En particulier, l’Union Européenne, qui aurait dû mettre en place depuis longtemps un véritable état de droit, n’est que le lieu du triomphe du droit de la concurrence, au bénéfice du seul marché mondial. Et si, en réponse, les peuples européens deviennent, comme le prônent ceux qui prétendent aujourd’hui parler en leur nom, des entités fermées, ne faisant confiance à aucune classe intermédiaire, déniant toute légitimité à la démocratie représentative, et ne s’exprimant que par des referendums, ils ne seront bientôt plus qu’une juxtaposition de nains gouvernés par des dictateurs, s’entretuant pour quelques miettes d’une  nouvelle abondance, pensée et produite par les autres continents.

Pour l’éviter, il nous faut oser penser les peuples comme des entités ouvertes, ayant intérêt, pour préserver leur identité, à s’ouvrir et à s’unir.

Pour moi, la meilleure définition d’un peuple reste celle   donnée en 1484,  par Philippe Pot, le sénéchal de Bourgogne nouvellement ralliée à la France, en ouverture des Etats-Généraux, comme « l’universalité des habitants du royaume ». Qui l’oserait aujourd’hui ? Et la meilleure attitude d’un peuple consiste à penser qu’il a intérêt au bonheur de ses voisins et à renforcer les procédures démocratiques de leur collaboration.

L’Europe n’est pas un peuple ; c’est une construction réfléchie entre des peuples qui ont appris de l’Histoire qu’il leur faut être ouverts et irréversiblement unis pour vivre en paix et en abondance.

Aussi, aujourd’hui, les peuples européens, au grand dam de ceux qui prétendent usurper, par intimidation, le droit de parler en leur nom, ont intérêt à s’ouvrir et à s’unir, pour mieux vivre, en réfléchissant, en se protégeant et en osant.

En particulier, la démocratie directe, à laquelle nous poussent les réseaux sociaux, ne peut que conduire à des décisions irréfléchies d’un soit disant « peuple », influencé par des rumeurs ou des mensonges, totalement concentré sur les intérêts immédiats les plus égoïstes. Alors que la démocratie représentative, qui constitue un grand progrès dans nos sociétés, doit permettre à  ceux qui en ont la charge de penser d’abord à l’intérêt des générations suivantes.
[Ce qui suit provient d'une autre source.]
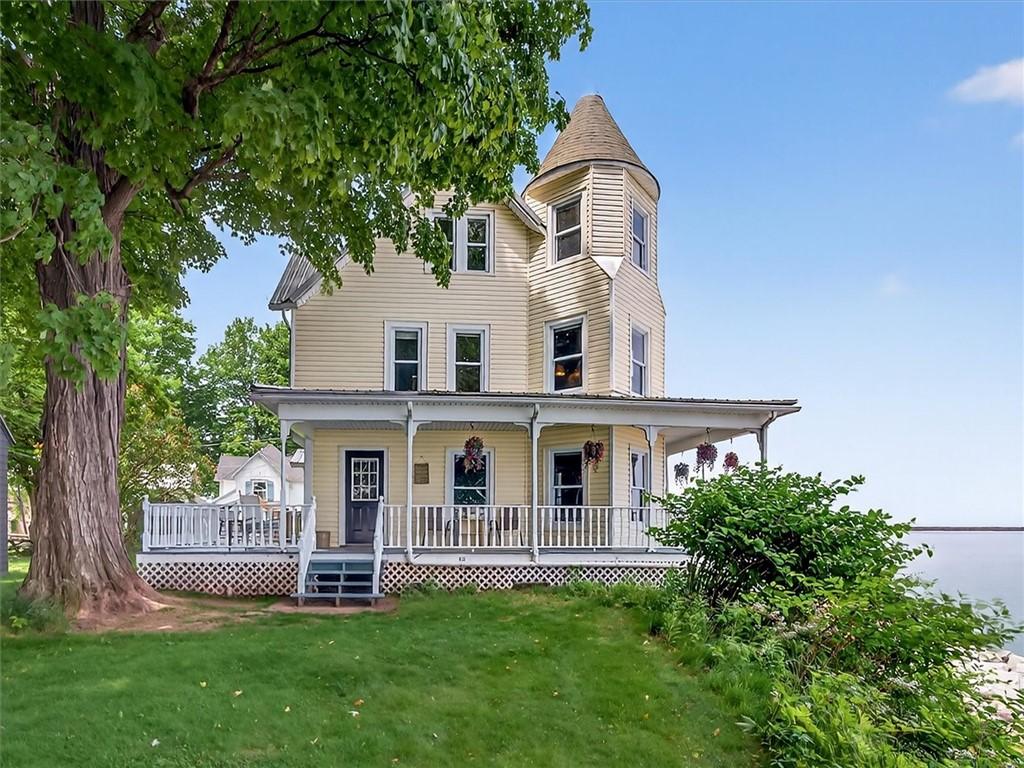 Image 4: Almost 1,800sf, 4 Bedroom, 2 Bathroom House On The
De cela découle un projet très clair : promouvoir l’altruisme, contre les deux formes de l’égoïsme, que sont la concurrence et le populisme. Et pour cela, les peuples européens doivent se mêler  et s’unir autant qu’ils peuvent. Il faut en particulier ouvrir Erasmus à tous les jeunes et pas seulement aux étudiants, et  mettre en place une défense commune aux frontières, financée par un budget commun et promouvant une industrie continentale.

C’est ainsi, et ainsi seulement, que les peuples d’Europe préserveront leurs identités, en s’enrichissant.